Elon Musk rêve de nous emmener sur Mars. De créer un train en lévitation, capable d'aller jusqu'à 1200 kilomètres par heure. De lancer le tourisme dans l'espace. De recycler les appareils utilisés pour les lancements de fusées... Elon Musk, à la tête de Tesla et SpaceX, n'en finit pas de réfléchir à des projets toujours plus fantasques. Roi des "coups de com" ou visionnaire ? Semaine après semaine, les idées du "serial entrepreneur" font les choux gras de la presse. Mais au-delà de ses rêves de grandeur, de plus en plus de critiques s'élèvent contre le génie du milieu de la "tech", pour dénoncer sa part d'ombre. 

Objectif Mars

Elon Musk a inspiré le réalisateur des films Iron Man, pour le personnage du milliardaire Tony Stark : un entrepreneur, inventeur de génie et super-héros à ses heures. Ca tombe bien : dans la vraie vie, Elon Musk adorerait enfiler ce costume.

Les héros qui m’ont fait rêver étaient des gens qui voulaient changer le monde.

Elon Musk

Ce leitmotiv a toujours porté le milliardaire de 47 ans.
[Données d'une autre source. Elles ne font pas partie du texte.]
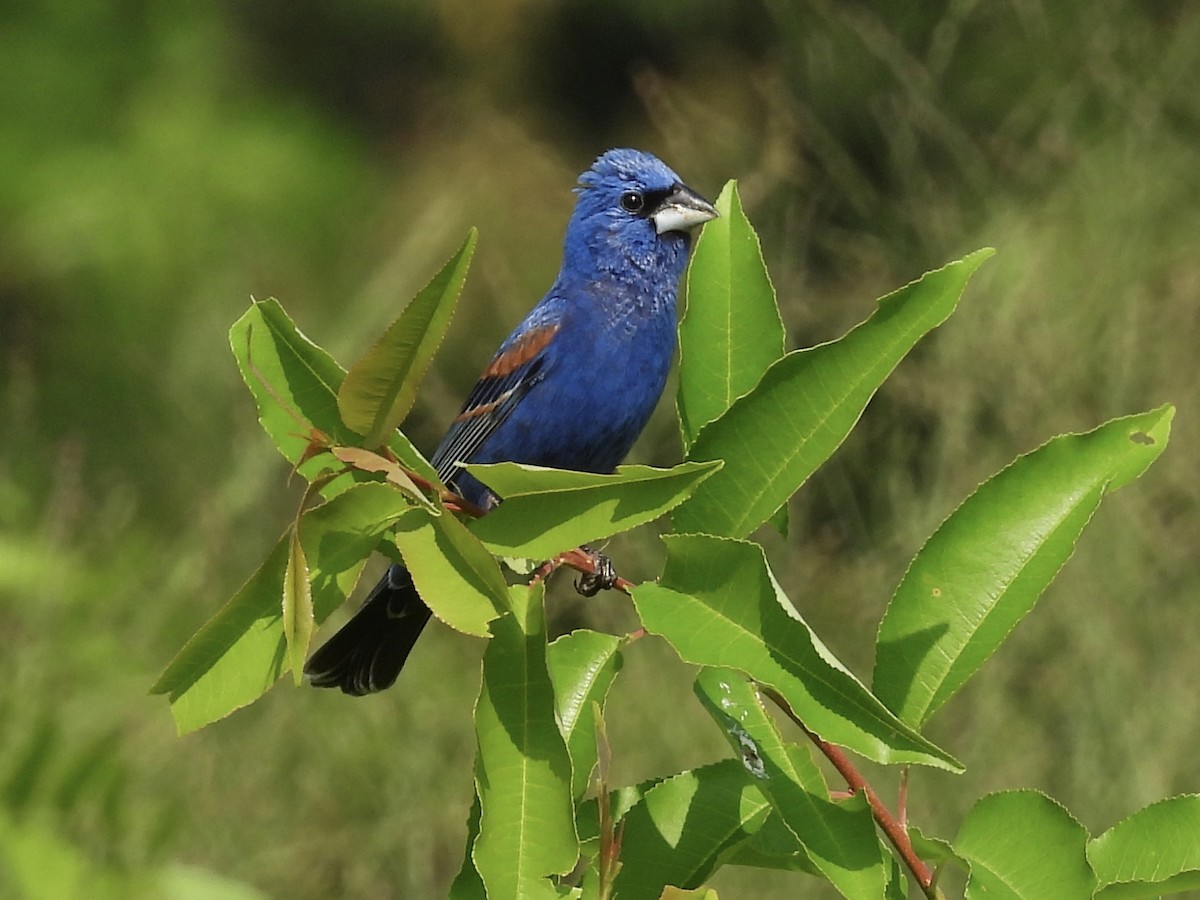 Blue Grosbeak - ML639328964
Lorsqu'il commence à capitaliser sur la conquête spatiale et l'innovation technologique, l'entrepreneur n'a qu'un objectif en tête : Mars. "Si je me suis lancé dans le spatial, c'est uniquement pour aller sur Mars. SpaceX est un moyen d'atteindre ce but", explique-t-il dans Paris Match. Et Elon Musk ne veut pas se contenter pas d'un simple aller-retour.
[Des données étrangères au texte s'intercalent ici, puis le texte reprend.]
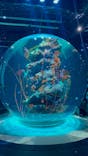 AQUARIUM × ART　atoaに投稿された画像（2024/5/13）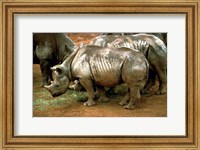 Black Rhinoceros in Africa Fine Art Print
Lui, souhaite coloniser la planète rouge pour sauver l'humanité : "En devenant une espèce multiplanétaire, l'humanité s'épargnerait le risque qu'un seul événement, naturel ou qu'elle aurait elle-même causé, la fasse disparaître de la surface terrestre comme c'est arrivé pour les dinosaures". Il caresse le rêve d'envoyer des humains sur Mars dès 2024, grâce à son lanceur Big Falcon Rocket, surnommé la "Big fucking rocket" ("la putain de grosse fusée"). "Elon Musk est assez génial, parce qu'il a une audace incroyable", estime Francis Rocard, astrophysicien au Cnes, à franceinfo.

Le péché de l'orgueil

Mais ses annonces tonitruantes et son ambition démesurée poussent certains spécialistes à la prudence, voire même au scepticisme. "Sur le court terme, SpaceX c'est du sérieux, mais sur le long terme, c'est beaucoup plus hasardeux", nuance ainsi l'astrophysicien.

Quand il dit qu'il va coloniser Mars, de manière définitive, je n'y crois pas une seconde. Ceux qui vont aller sur mars seront complètement dépendants de ce que la Terre leur enverra. Cette idée d'une colonisation définitive me paraît plus proche de la science-fiction que de la réalité.

Francis Rocard, astrophysicien

à franceinfo

Qu'importe : Elon Musk aime faire parler de lui. "Pour moi, il est comme Terminator. Il fixe son regard sur quelque chose et lance : 'Ce sera à moi'", confiait (article en anglais) son ex-femme Justine Musk dans la biographie Elon Musk : l'entrepreneur qui va changer le monde (éditions Eyrolles)Dernièrement, c'est en Thaïlande, où personne ne l'avait réclamé, que son regard s'est posé. 

10 juillet 2018. Cinq adolescents thaïlandais sont encore prisonniers de la grotte inondée dans laquelle ils sont bloqués depuis le 23 juin. Alors que de nombreux secouristes travaillent d'arrache-pied depuis plusieurs jours, permettant à huit enfants de sortir la grotte, Elon Musk débarque en Thaïlande. Dans ses bagages, un prototype de sous-marin qu'il souhaite prêter aux secouristes. L'entrepreneur se filme sur place et insiste pour que les sauveteurs utilisent son invention. Le prototype ne sera finalement d'aucun secours, les enfants ayant été sortis par d'autres moyens.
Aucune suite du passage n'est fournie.